The heavy rain on friday morning delayed both me and Danliang to Tanjong Katong Secondary School (TKSS). Nevertheless, we made it and I've learned more about diversity in Singapore than I ever knew, even though I was 15 minutes late.
Along with the teenagers of TKSS, both me and Danliang were subjected to the environmental facts of Singapore. Learning how her speedy development has affected (and still affecting!) and taken a toil on the many ecosystems in parts of Singapore, is only secondary to the interesting facts on biodiversity around Singapore.
Chek jawa was introduced as an amazement of biodiversity located in the eastern regions of Pulau Ubin. Being such a tiny land, it is an understatement to say it is fascinating as it boasts a surprising number of 6 different ecosystems - Coastal Hill forests, mangroves, rocky shores, sandy shores, seagrass lagoon, and coral rubbles. As expected, a great wealth of creatures and plants can be found here. Some that I read from the articles found on the Chek Jawa website includes octopuses, seahorses, a variety of crabs to a friendly wild boar. Also mentioned and shown in the talk was the purple crab with distinctive violet shades and the moon crabs with their spade legs. I guess everyone was captivated to see a purple legged crab as the silence in the lecture hall said it all.
The next topic was on Pulau Hantu. There were several inhabitants I thought I'd never see in Singapore except on discovery channels and animal planet. We were treated to slides of some of the world's most poisonous snakes; sea snakes! One of the animals that got some student's interacting was the sea turtles. The incident of baby turtles losing their direction in East Coast Park (ECP) by crawling inlands instead of going out to sea allowed me a special lesson. I never knew that turtles are guided by stars. The numerous lamp-posts illuminated ECP like the stars illuminates the sky and these little hatchlings thus get confused and lose their directions. After that a frantic and tight rescue operation was executed and the day was saved by some of the RMBR team and the roller bladers who found them.
This shows that the public, not just the conservationists, can contribute to helping and conserving anything. Be it ecosystems or a specific animal like the sea turtle. The video on Chek Jawa shouts out the fact that people from all walks of life actually have the ability to make differences in plans, like the reclamation plan on Chek Jawa, by voicing out their opinions and standing firm on their beliefs. This is quite sensational, as making impacts in major government schemes is something that has never crossed my mind and something that most people will advise me against as "dont try anything funny with the government ah.."

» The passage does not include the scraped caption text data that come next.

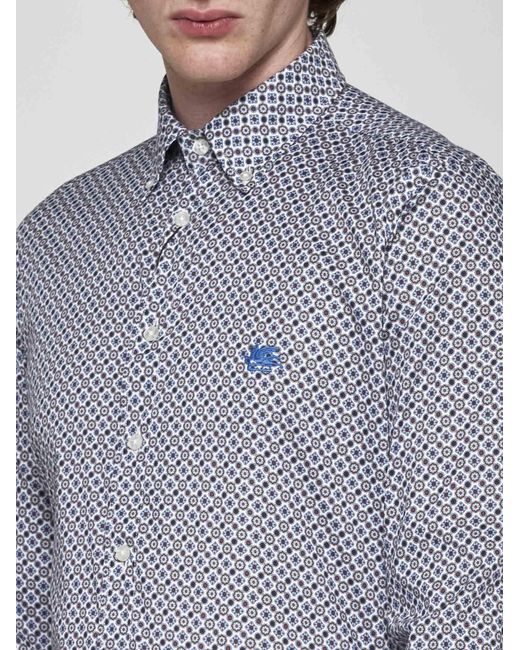 Etro Blue Geometric Print Cotton Shirt for men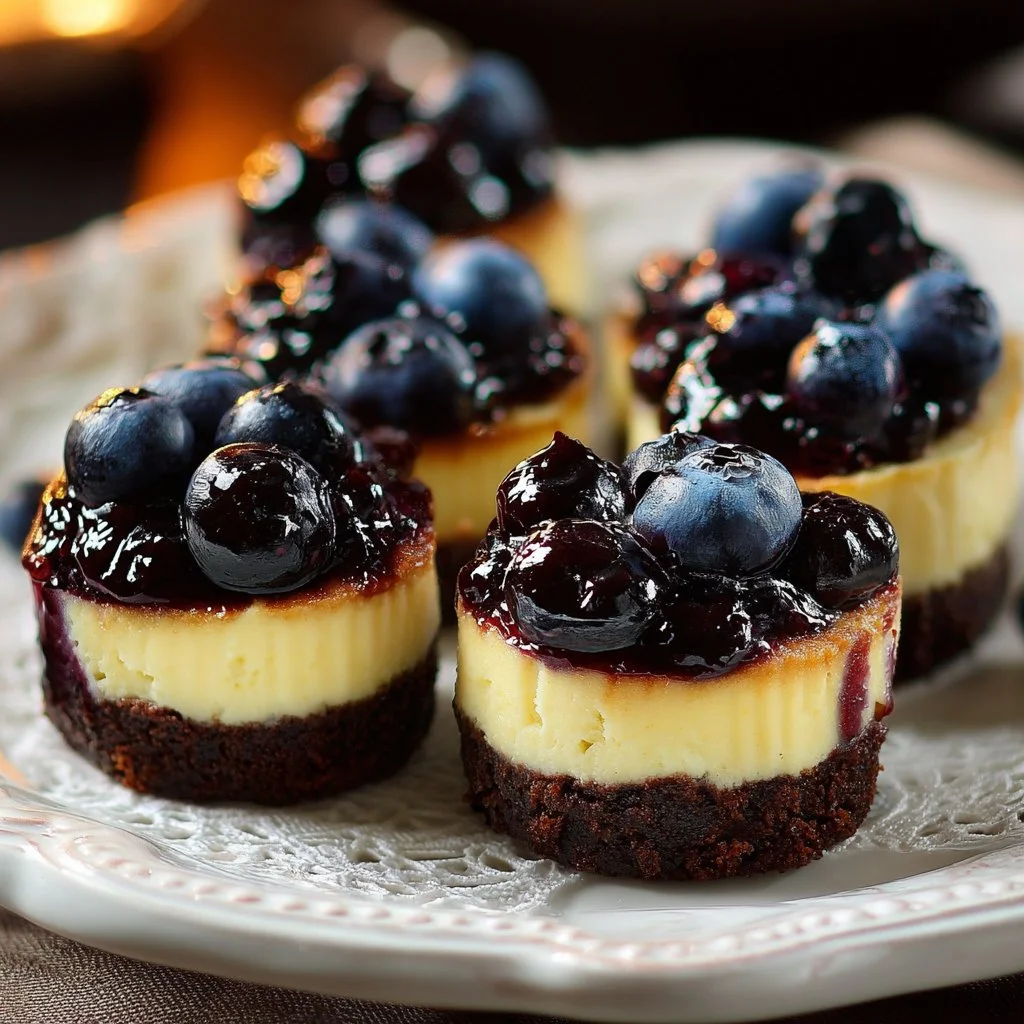 Mini blueberry cheesecakes topped with fresh berries and cream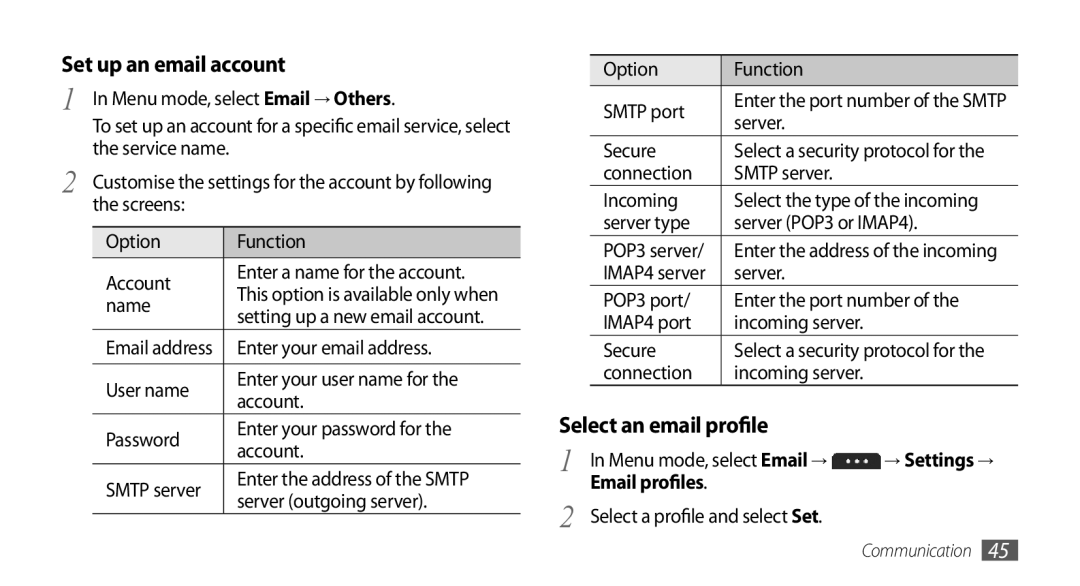 Samsung GT-S5253PWAKSA, GT-S5253HKAECT, GT-S5253HKAEGY manual Set up an email account, Select an email profile, → Settings → 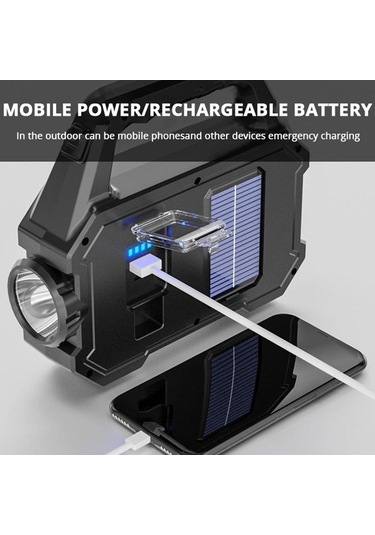 Novahub Taşınabilir Super Parlak Led Çalışma Işığı Kamp Işığı Güneş Usb Şarj El Feneri Soğuk Siyah Siyah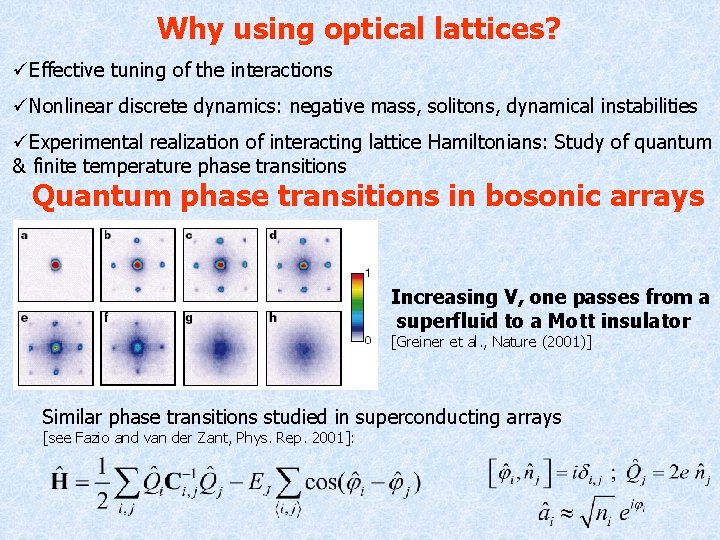 Why using optical lattices? üEffective tuning of the interactions üNonlinear discrete dynamics: negative mass,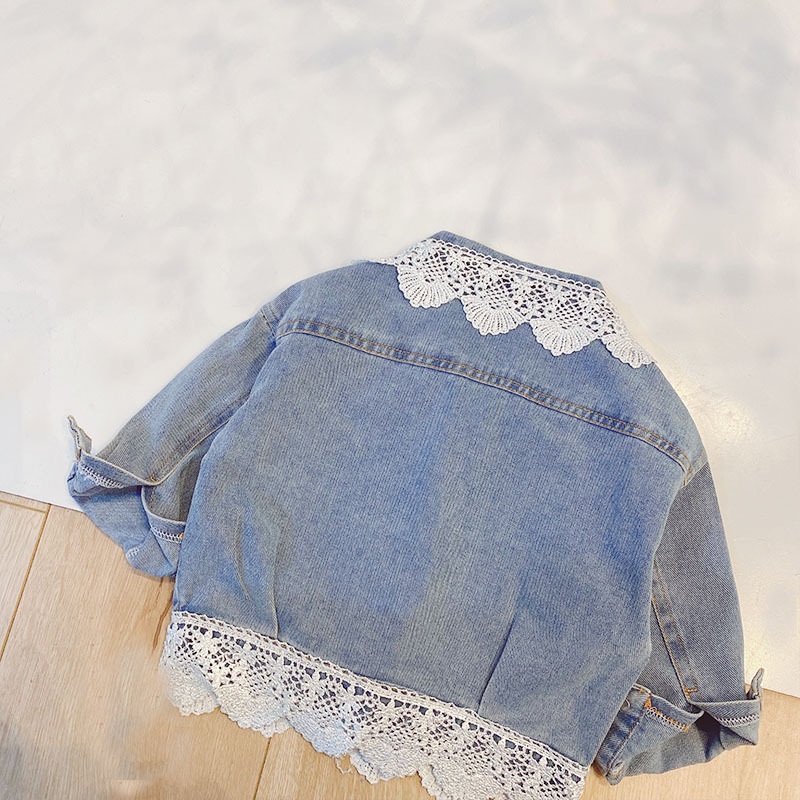 Baby Girl Lace Denim Jacket Infant Toddle Jean Coat Child Windbreaker Jacket Baby Outwear Chaqueta Clothes primavera autunno 1-7Y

Back to the interesting facts I learnt from the talk, Sungei Buloh a wetland reserve in Singapore, is home to the smooth coated and small clawed otters. A total of 13 species of otters can be found worldwide and only 4 are known to be in South East asia. It is quite a feat that 2 are located in Singapore and that a family of otters have made permanent residence here. =) Also caught wrestling in action were two male monitor lizards. The video clip was shown again with excited ooos and ahhs from the students as Mr. Siva pointed out the object of the conflict - a female monitor lizard slipping of coyly into the mangrove waters. The males battle it out by just pushing each other about through a hugging (not mating) position. The winner would be the one who is able to hold on the longest without falling over. Following this, we were told how a scratch would be fatal to these creatures as the forest they live in are full of bacteria and flies that carry diseases. One can just die from an infection of a shallow cut. Fortunately, the battle doesn't involve hurting each other a lot; only a lot of pushing around. Nevertheless, this certainly makes me all the more thankful I'm human and living in sanitary urban areas.
One other burning fact to share's the fact on how some mangrove snakes eat crabs. During shredding season, crabs release hormones which alerts the snakes. They they spot one, kill it and pull chunks of crab meat out by holding it down with loops of their muscular bodies. The amazing adaptability of these snakes means more choices on the menu and a higher chance of surviving in the wilderness.
Danliang just reminded me how short blogs should be and I guess you readers out there are waiting for this to end.. So I'll get to the highlight of the day, which is the fact that snakes actually JUMP. Yes they do, and that's one of the escape mechanism which increases their survival chance. Usually, they sidewind after being released. Yet a video of a snake jumping away showed how it can change direction while getting away. The amazement of it chorused around the lecture halls as students and interns alike exclaim in disbelief and excitement. This talk really widened my horizons on the many animal lifeforms to be found and their amazing potential for weird behaviors. No wonder for the saying, "Learning never stops." With so much biodiversity around to discover and experience about, I'd come up with one of my own, "Never stop learning".
Last but not least, these are several blogs that can be related to the talk: Pulau Hantu - A celebration of marine life, The Blue Tempeh, Habitatnews, wildsingapore, and not forgetting the Raffles Museum of Biodiversity Research of course!